The function returns the error code @code{GPG_ERR_NO_ERROR} if the
mode could be set correctly, and @code{GPG_ERR_INV_VALUE} if @var{ctx}
is not a valid pointer or @var{mode} is not a valid mode.
@end deftypefun


@deftypefun gpgme_keylist_mode_t gpgme_get_keylist_mode (@w{gpgme_ctx_t @var{ctx}})
The function @code{gpgme_get_keylist_mode} returns the current key
listing mode of the context @var{ctx}.  This value can then be
modified and used in a subsequent @code{gpgme_set_keylist_mode}
operation to only affect the desired bits (and leave all others
intact).

The function returns 0 if @var{ctx} is not a valid pointer, and the
current mode otherwise.  Note that 0 is not a valid mode value.
@end deftypefun


@node Passphrase Callback
@subsection Passphrase Callback
@cindex callback, passphrase
@cindex passphrase callback

@deftp {Data type} {gpgme_error_t (*gpgme_passphrase_cb_t)(void *@var{hook}, const char *@var{uid_hint}, const char *@var{passphrase_info}, @w{int @var{prev_was_bad}}, @w{int @var{fd}})}
@tindex gpgme_passphrase_cb_t
The @code{gpgme_passphrase_cb_t} type is the type of functions usable as
passphrase callback function.

The argument @var{uid_hint} might contain a string that gives an
indication for which user ID the passphrase is required.  If this is
not available, or not applicable (in the case of symmetric encryption,
for example), @var{uid_hint} will be @code{NULL}.

The argument @var{passphrase_info}, if not @code{NULL}, will give
further information about the context in which the passphrase is
required.  This information is engine and operation specific.

If this is the repeated attempt to get the passphrase, because
previous attempts failed, then @var{prev_was_bad} is 1, otherwise it
will be 0.

The user must write the passphrase, followed by a newline character,
to the file descriptor @var{fd}.  The function @code{gpgme_io_writen}
should be used for the write operation.  Note that if the user returns
0 to indicate success, the user must at least write a newline
character before returning from the callback.
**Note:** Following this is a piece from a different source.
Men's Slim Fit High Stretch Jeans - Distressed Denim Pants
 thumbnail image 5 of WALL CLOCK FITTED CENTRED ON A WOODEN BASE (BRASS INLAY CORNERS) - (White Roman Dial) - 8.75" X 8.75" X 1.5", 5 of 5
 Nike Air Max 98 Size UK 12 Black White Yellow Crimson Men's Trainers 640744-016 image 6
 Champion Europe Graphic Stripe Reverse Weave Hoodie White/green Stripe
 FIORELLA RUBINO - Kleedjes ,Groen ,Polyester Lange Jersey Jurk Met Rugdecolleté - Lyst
If an error occurs, return the corresponding @code{gpgme_error_t}
value.  You can use the error code @code{GPG_ERR_CANCELED} to abort
the operation.  Otherwise, return @code{0}.
@end deftp

@deftypefun void gpgme_set_passphrase_cb (@w{gpgme_ctx_t @var{ctx}}, @w{gpgme_passphrase_cb_t @var{passfunc}}, @w{void *@var{hook_value}})
The function @code{gpgme_set_passphrase_cb} sets the function that is
used when a passphrase needs to be provided by the user to
@var{passfunc}.  The function @var{passfunc} needs to implemented by
the user, and whenever it is called, it is called with its first
argument being @var{hook_value}.  By default, no passphrase callback
function is set.

Not all crypto engines require this callback to retrieve the
passphrase.  It is better if the engine retrieves the passphrase from
a trusted agent (a daemon process), rather than having each user to
implement their own passphrase query.  Some engines do not even
support an external passphrase callback at all, in this case the error
code @code{GPG_ERR_NOT_SUPPORTED} is returned.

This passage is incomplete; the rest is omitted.